Incumbent Ward 5 Alderman Jon Bisesi and challenger Stefanie Boucher agree that the Bears' redevelopment of the shuttered Arlington Park racetrack would overall be a benefit to their town. But they also worry about the strain on city services on gamedays and emphasized the need to be prepared for what may come.

Bisesi, who is seeking a second term, said it's important for Rolling Meadows to have "a seat at the table" in discussions over the Bears' proposed stadium and mixed-use development, for things like sound barriers or screening for residents who live near Route 53. He also said the city could see savings by leveraging the Arlington Park redevelopment with the city water and sewer replacements that need to be done nearby.

In the past, Arlington Heights gave Rolling Meadows some financial support for police who worked traffic control on busy race days, and Bisesi said that intergovernmental cooperation would be important going forward.

"There are several potential negative impacts: noise, traffic, strain on our services. Things like that. But there's also opportunity for development," Bisesi said during a recent interview with a representative of the Daily Herald Editorial Board. "We have an industrial park right next to Arlington Park that will (benefit) quite a bit I believe by that going in. I do believe that this could mean more restaurants, potentially another hotel, and entertainment options within Rolling Meadows that will help our tax base.

"We need to come up with creative ways of being able to fund additional police, fire and public works support to accommodate it. But as long as we're ahead of the curve and trying to understand and knock down the various issues as we're going through this process, I think it will definitely be overall a good thing for our community."

Boucher, a project manager at Motorola Solutions and former PTA president in local schools, said she's spoken to Rolling Meadows police officers and firefighters who are concerned about the potential uptick in traffic and needs on city services. She said the city needs to work on bringing in more business - specifically, restaurants - for fans to stop at before and after games.

"I think that needs to be a big push for the city council going forward so we don't become a drive-through community," Boucher said. "So, my concern as a resident is we're going to take on the police costs, we're going to take on the fire costs, we're going to take on the traffic control, and we're going to bring nothing in business-wise because there will be nothing for people to stop at."
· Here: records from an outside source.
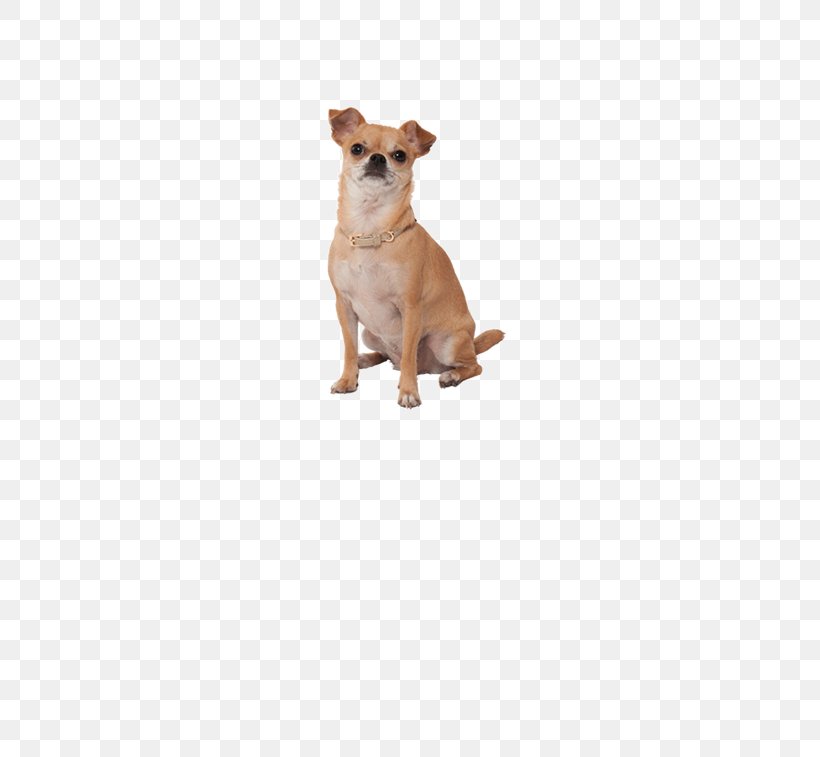 Chihuahua Puppy Dog Breed Companion Dog Toy Dog, PNG, 470x757px, Chihuahua, Breed, Carnivoran, Clothing, Collar Download Free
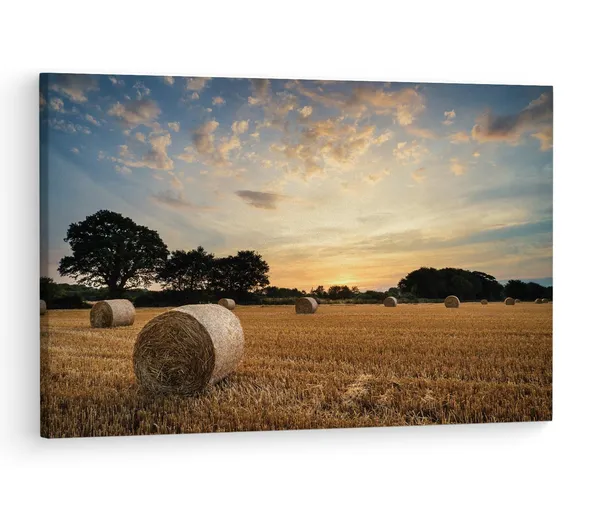Multicolor_Hay_Bales,_Wooden_Framed_Canvas_Paintings_|_For_Living_Room_|_Bedroom_|_Office_|_Gallery_|_Ready_Wall_Mount_Canvas_Wall_Art_Painting_|_Size_-_12_X_18In,_Ct0947
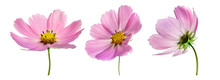 Set Of Three Pink Cosmos Bipinnatus Flowers With Different Perspective Isolated On White Background. Ornamental Garden Plant Cosmos Bipinnatus Close-up Macro.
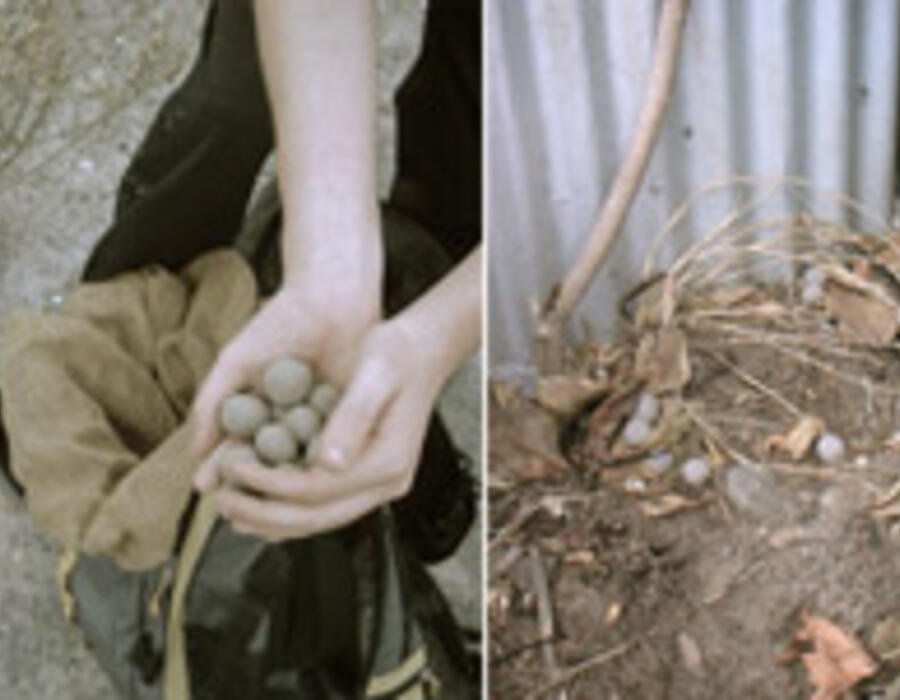 seedballing.jpg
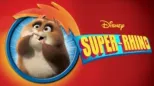 thumbnail - Super-Rhino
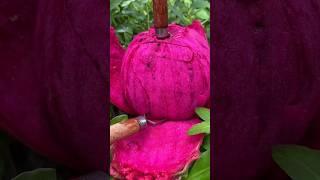 Enjoy Beautiful Love Dragon Fruit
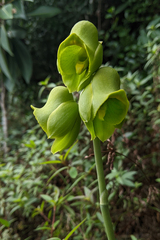 Catasetum planiceps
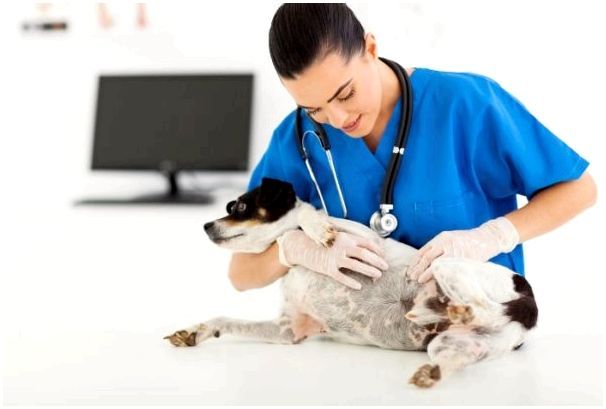 Осмотр беременной собаки ветеринаром
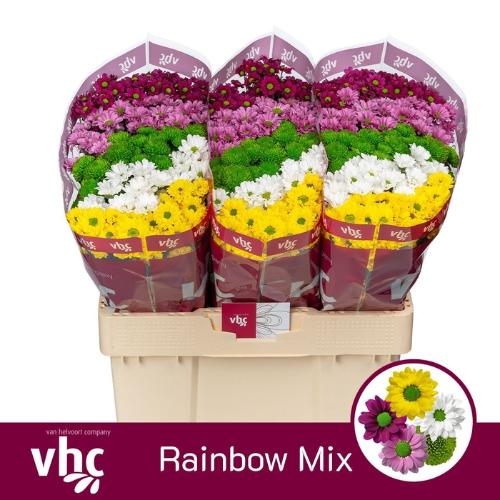 Chrysanthemum Indicum Grp tros santini gemengd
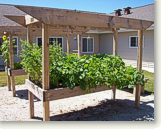 Image of Waterford Senior Living (8)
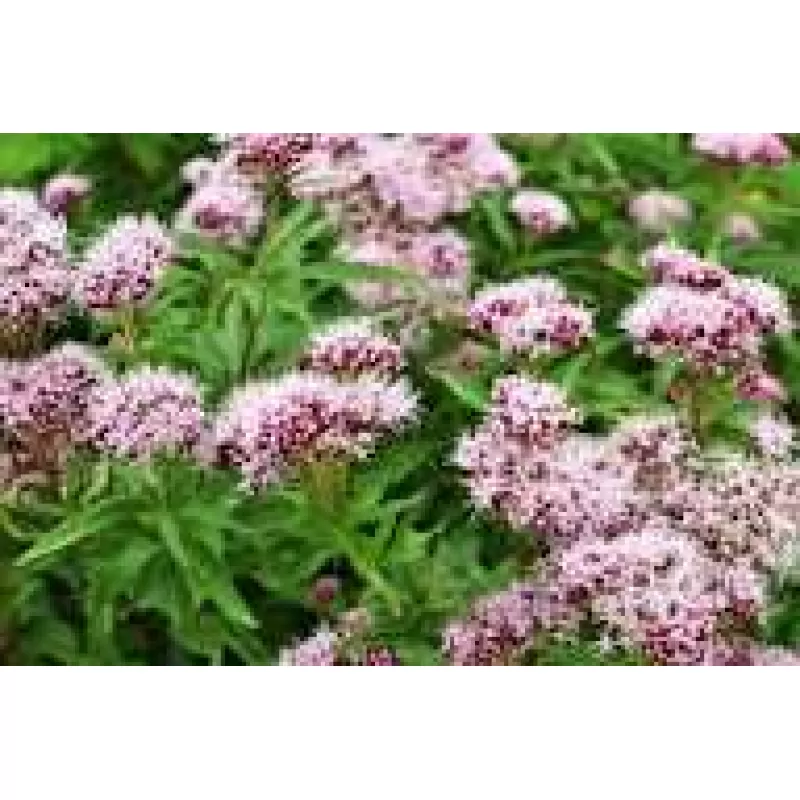 Valeriana: por qué es tan popular en productos naturistas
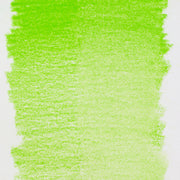Bruynzeel Design Pastel Pencil Light Green 60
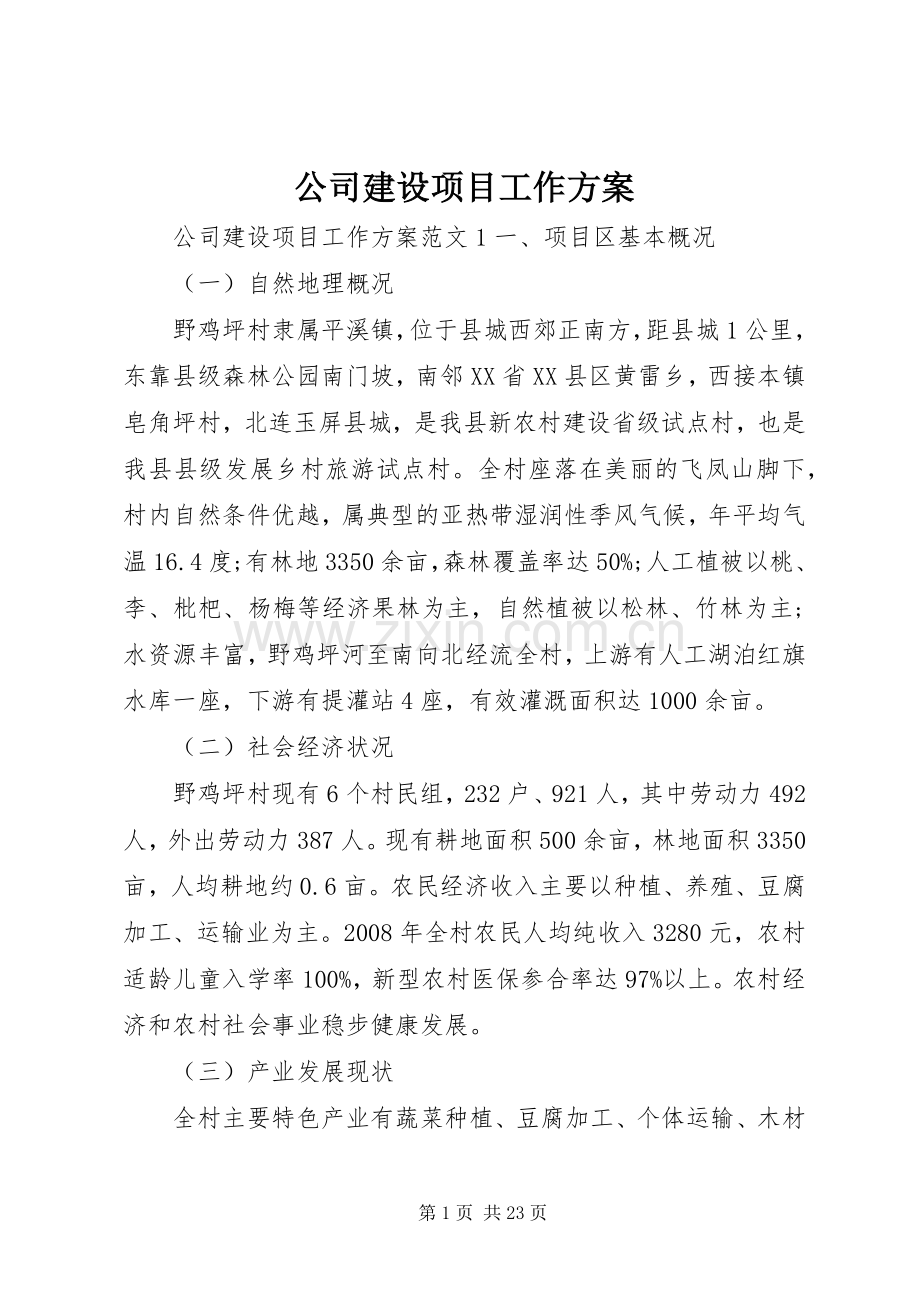 公司建设项目工作实施方案.docx_第1页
She said the Bears project is an opportunity for the city.

"I think it's going to be great to have people come in through Rolling Meadows. A lot of people know Arlington Heights. They know Mount Prospect. They know Schaumburg. They kind of don't know our little hidden gem there in the middle," Boucher said. "That gives us a lot of potential to really get on people's radar, especially if we can offer them some accommodations, whether it be hotels or restaurants or places to be. I think this is really going to help Rolling Meadows grow and modernize and move into that same way of our surrounding communities."
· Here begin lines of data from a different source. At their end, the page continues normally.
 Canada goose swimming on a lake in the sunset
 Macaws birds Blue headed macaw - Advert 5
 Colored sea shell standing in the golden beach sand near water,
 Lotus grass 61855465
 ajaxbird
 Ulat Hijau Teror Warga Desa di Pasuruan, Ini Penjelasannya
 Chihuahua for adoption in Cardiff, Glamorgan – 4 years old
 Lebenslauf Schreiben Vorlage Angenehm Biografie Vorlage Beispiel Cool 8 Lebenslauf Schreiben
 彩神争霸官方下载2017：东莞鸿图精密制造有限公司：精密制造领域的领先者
There are no other contested races on the April 4 ballot in Rolling Meadows. Nor are there in Palatine, which borders the Bears' new property on the north.
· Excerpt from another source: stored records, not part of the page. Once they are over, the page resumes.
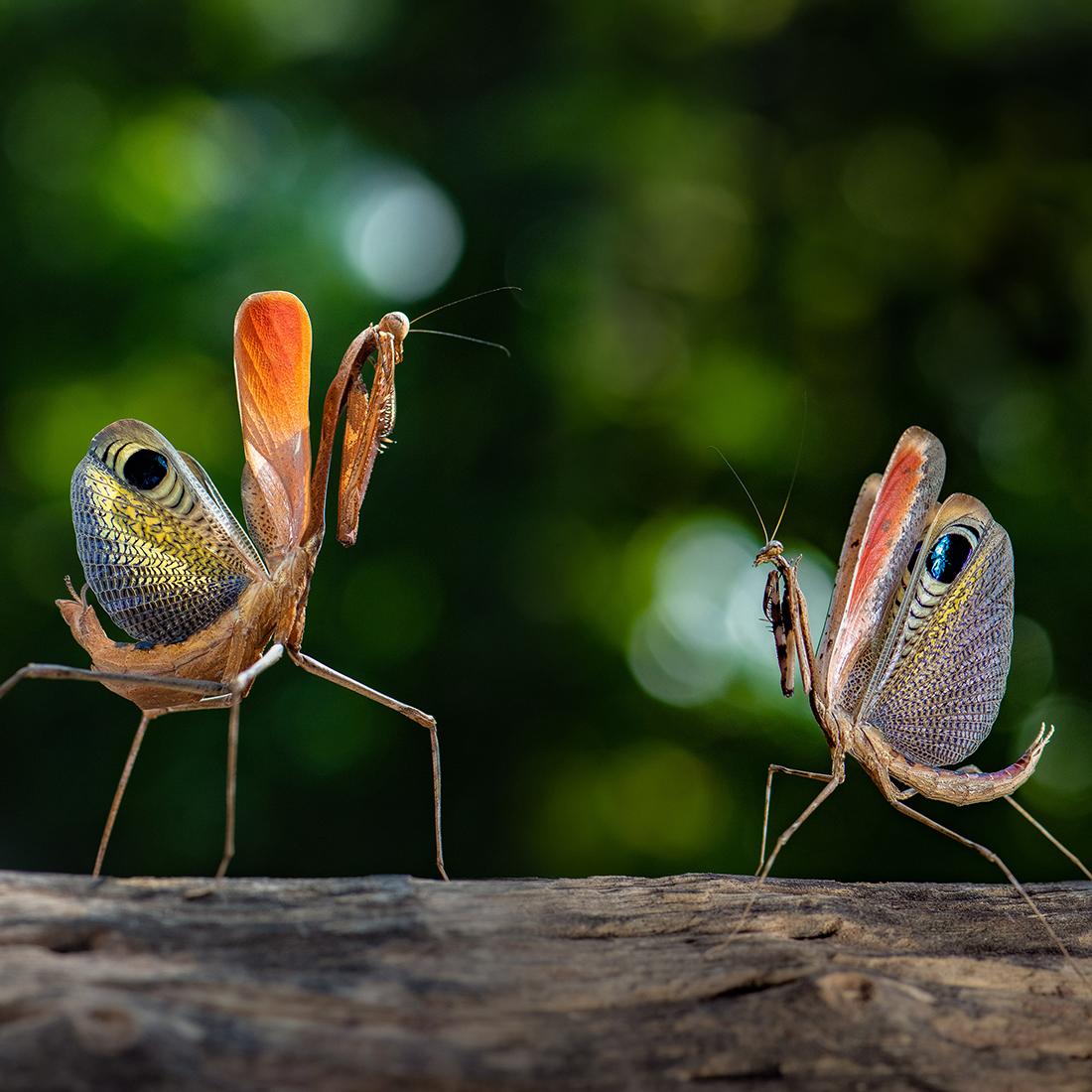 Fight of male and female peacock mantises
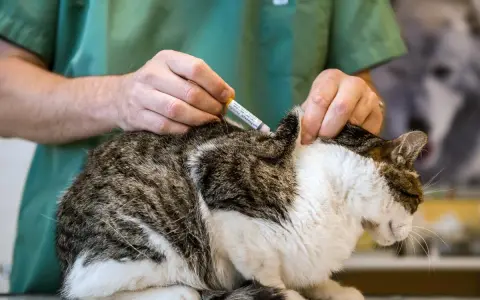 Un vétérinaire administre un vaccin à un chat. Une scène typique dans une école vétérinaire à l'étranger, où les futurs professionnels apprennent.
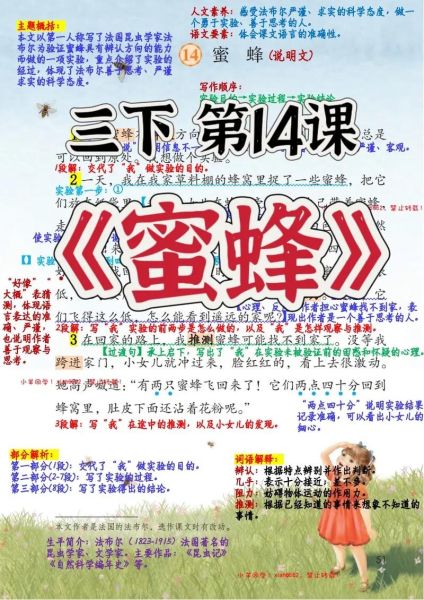 蜜蜂精神有哪些_如何学习蜜蜂精神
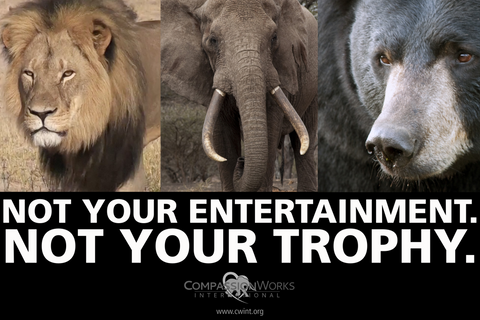 Not Your Trophy protest poster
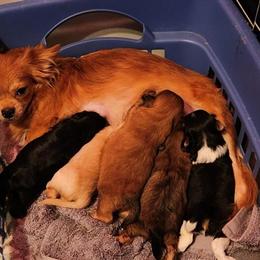 Mi-Ki Puppies for Adoption in Midland, mi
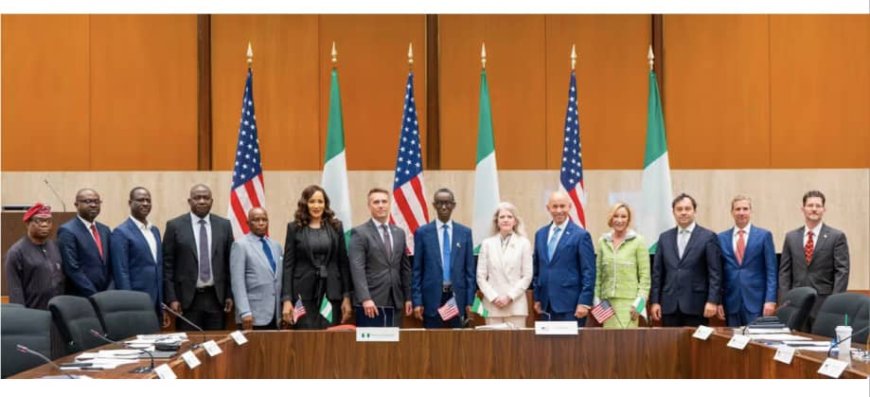 US, Nigeria Working Group Meets in Washington Over Counter-Terrorism, Security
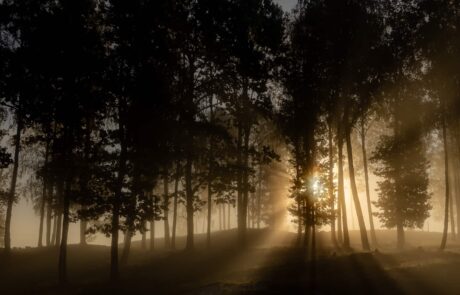 Imgc20250927 082933 0266 hdr 2 4000 60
In Arlington Heights, four candidates are running for four open positions on the village board, after public subsidy critic Martin Bauer didn't have enough signatures on his nominating petitions to qualify for the ballot.

Article Comments
Guidelines: Keep it civil and on topic; no profanity, vulgarity, slurs or personal attacks. People who harass others or joke about tragedies will be blocked. If a comment violates these standards or our terms of service, click the "flag" link in the lower-right corner of the comment box. To find our more, read our FAQ.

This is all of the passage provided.